START PROVIDED ENTRIES
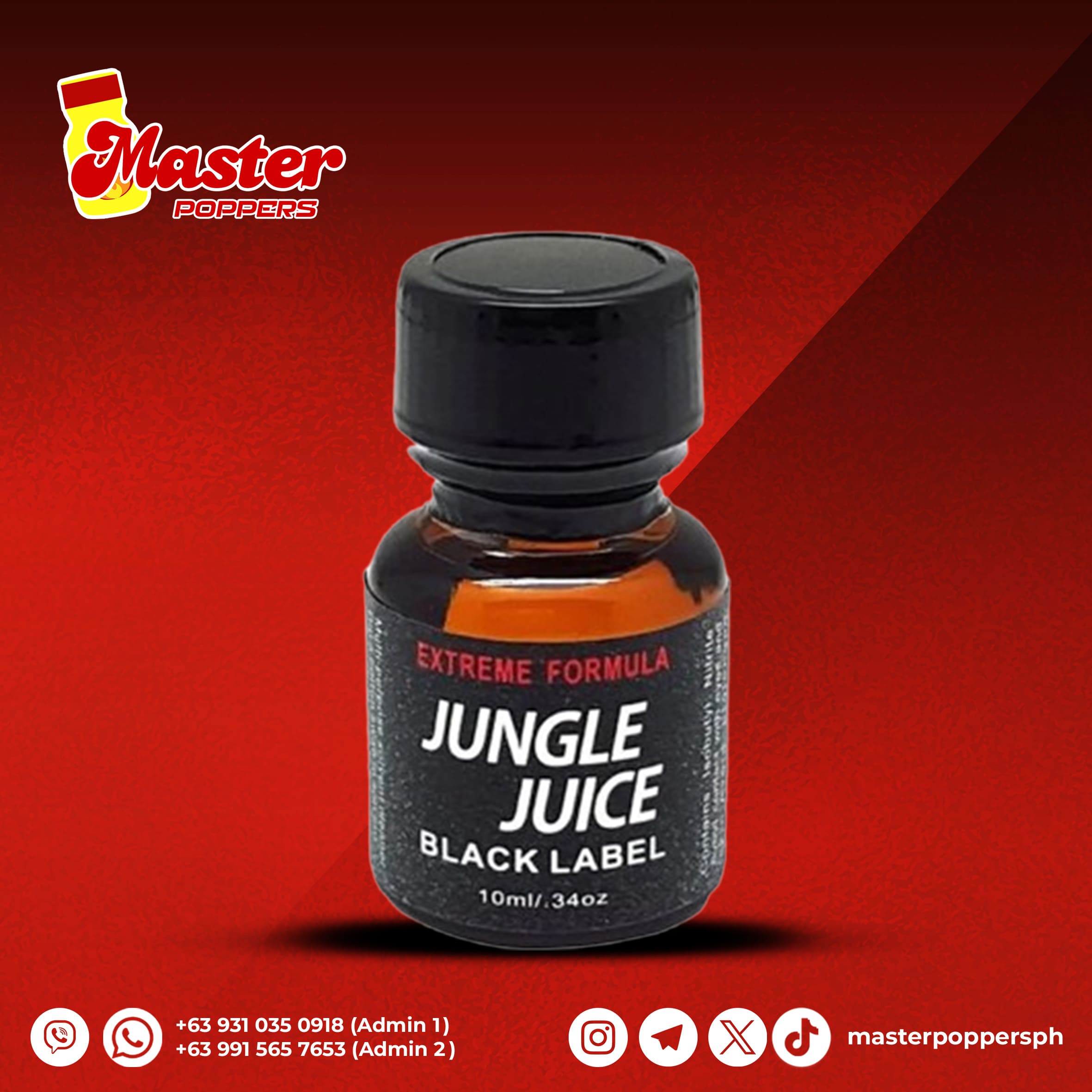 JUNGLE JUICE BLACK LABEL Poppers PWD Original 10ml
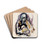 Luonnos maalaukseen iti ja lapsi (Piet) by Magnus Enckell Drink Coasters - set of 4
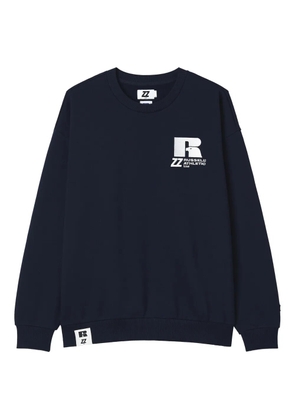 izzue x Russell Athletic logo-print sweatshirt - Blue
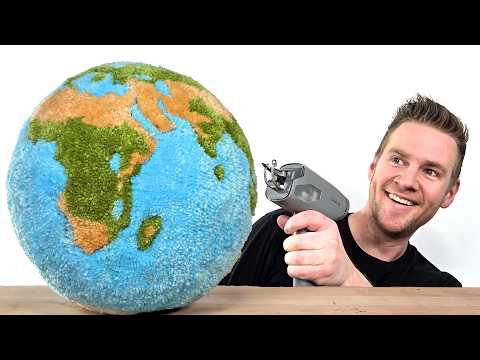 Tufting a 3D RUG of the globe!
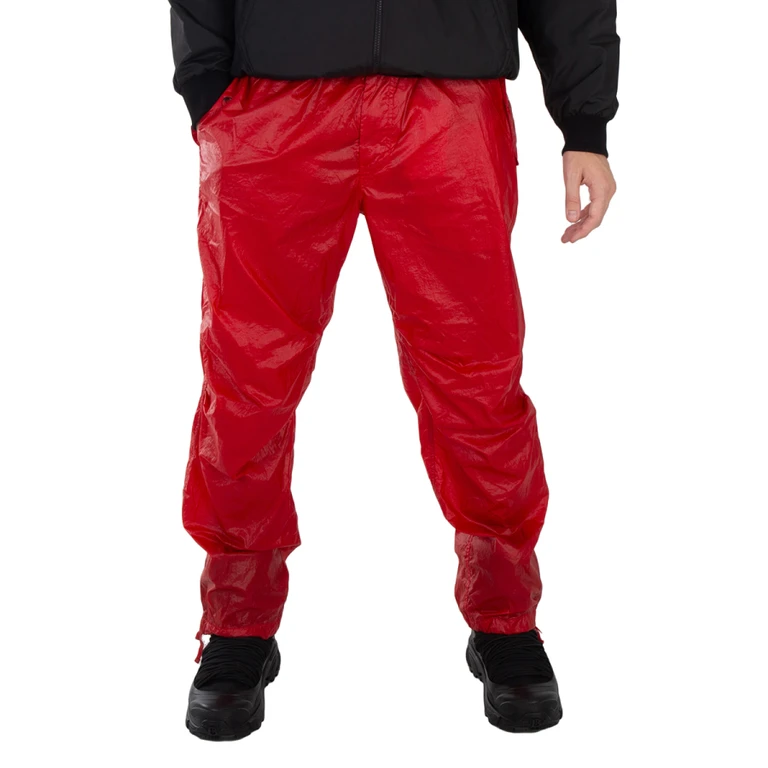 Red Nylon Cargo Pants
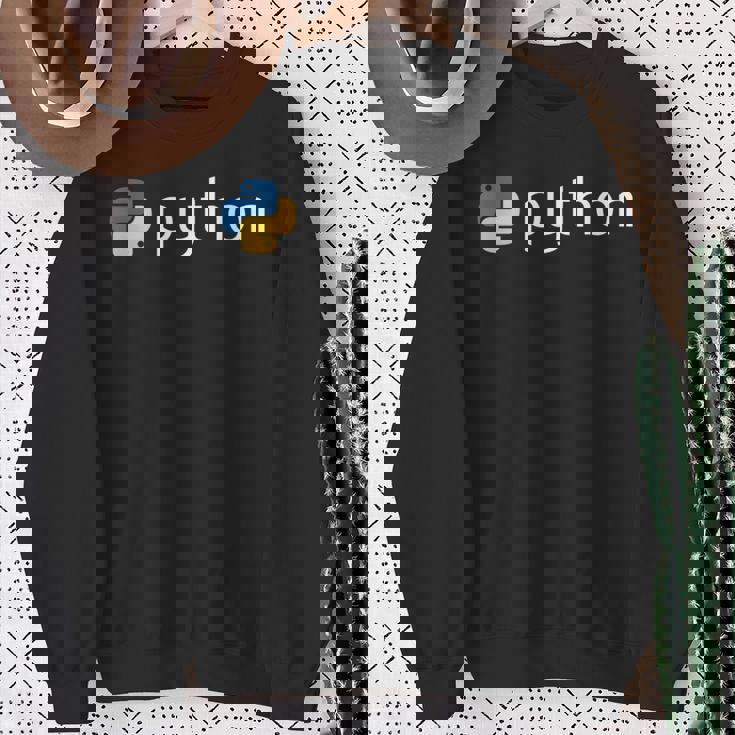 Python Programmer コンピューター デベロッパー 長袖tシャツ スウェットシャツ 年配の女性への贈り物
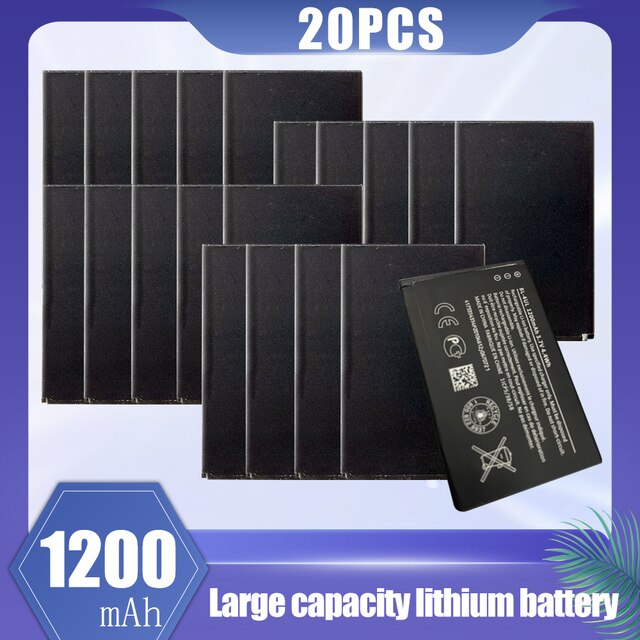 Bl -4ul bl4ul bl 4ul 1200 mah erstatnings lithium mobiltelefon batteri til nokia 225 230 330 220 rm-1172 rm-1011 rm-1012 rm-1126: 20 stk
END PROVIDED ENTRIES
START PROVIDED ENTRIES
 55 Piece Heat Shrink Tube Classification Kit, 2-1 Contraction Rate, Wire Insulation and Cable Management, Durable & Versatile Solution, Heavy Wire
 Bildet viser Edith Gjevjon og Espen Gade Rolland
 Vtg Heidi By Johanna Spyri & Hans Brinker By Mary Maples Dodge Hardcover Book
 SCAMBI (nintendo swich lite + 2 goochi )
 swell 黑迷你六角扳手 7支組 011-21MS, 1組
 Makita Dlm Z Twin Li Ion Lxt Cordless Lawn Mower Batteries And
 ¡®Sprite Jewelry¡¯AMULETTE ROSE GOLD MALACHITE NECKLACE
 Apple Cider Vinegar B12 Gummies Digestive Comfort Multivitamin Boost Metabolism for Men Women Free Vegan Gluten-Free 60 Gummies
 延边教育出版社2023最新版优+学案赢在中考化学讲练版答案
END PROVIDED ENTRIES
START PROVIDED ENTRIES
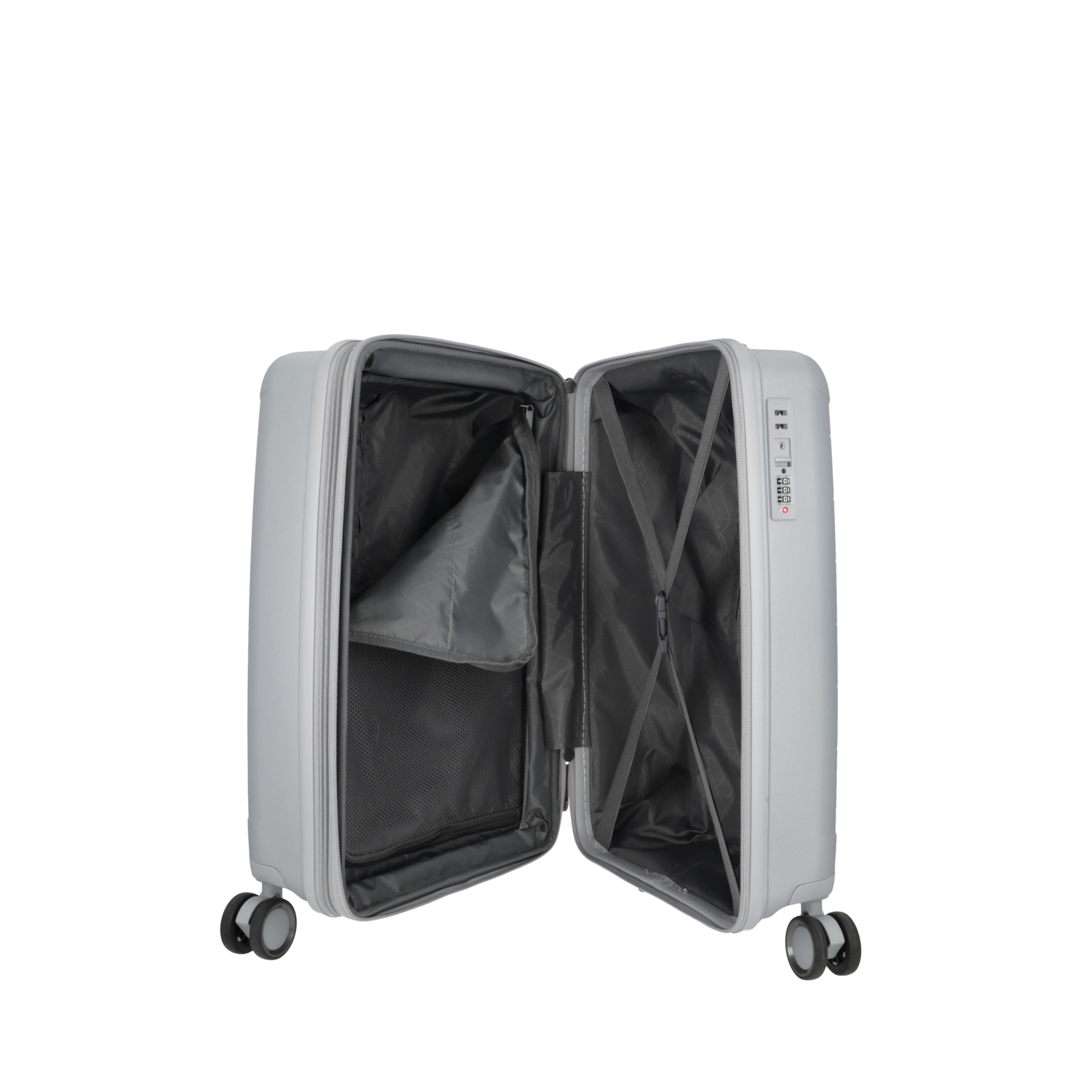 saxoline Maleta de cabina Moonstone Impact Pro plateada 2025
END PROVIDED ENTRIES
§ WHAT THE TASK ASKS:
Among the entries above, take the line with "JUNGLE JUICE BLACK", the line with "Bl -4ul bl4ul", and all the lines between them, and restate them word for word without pictures.

§ THE ANSWER:
 JUNGLE JUICE BLACK LABEL Poppers PWD Original 10ml
 Luonnos maalaukseen iti ja lapsi (Piet) by Magnus Enckell Drink Coasters - set of 4
 izzue x Russell Athletic logo-print sweatshirt - Blue
 Tufting a 3D RUG of the globe!
 Red Nylon Cargo Pants
 Python Programmer コンピューター デベロッパー 長袖tシャツ スウェットシャツ 年配の女性への贈り物
 Bl -4ul bl4ul bl 4ul 1200 mah erstatnings lithium mobiltelefon batteri til nokia 225 230 330 220 rm-1172 rm-1011 rm-1012 rm-1126: 20 stk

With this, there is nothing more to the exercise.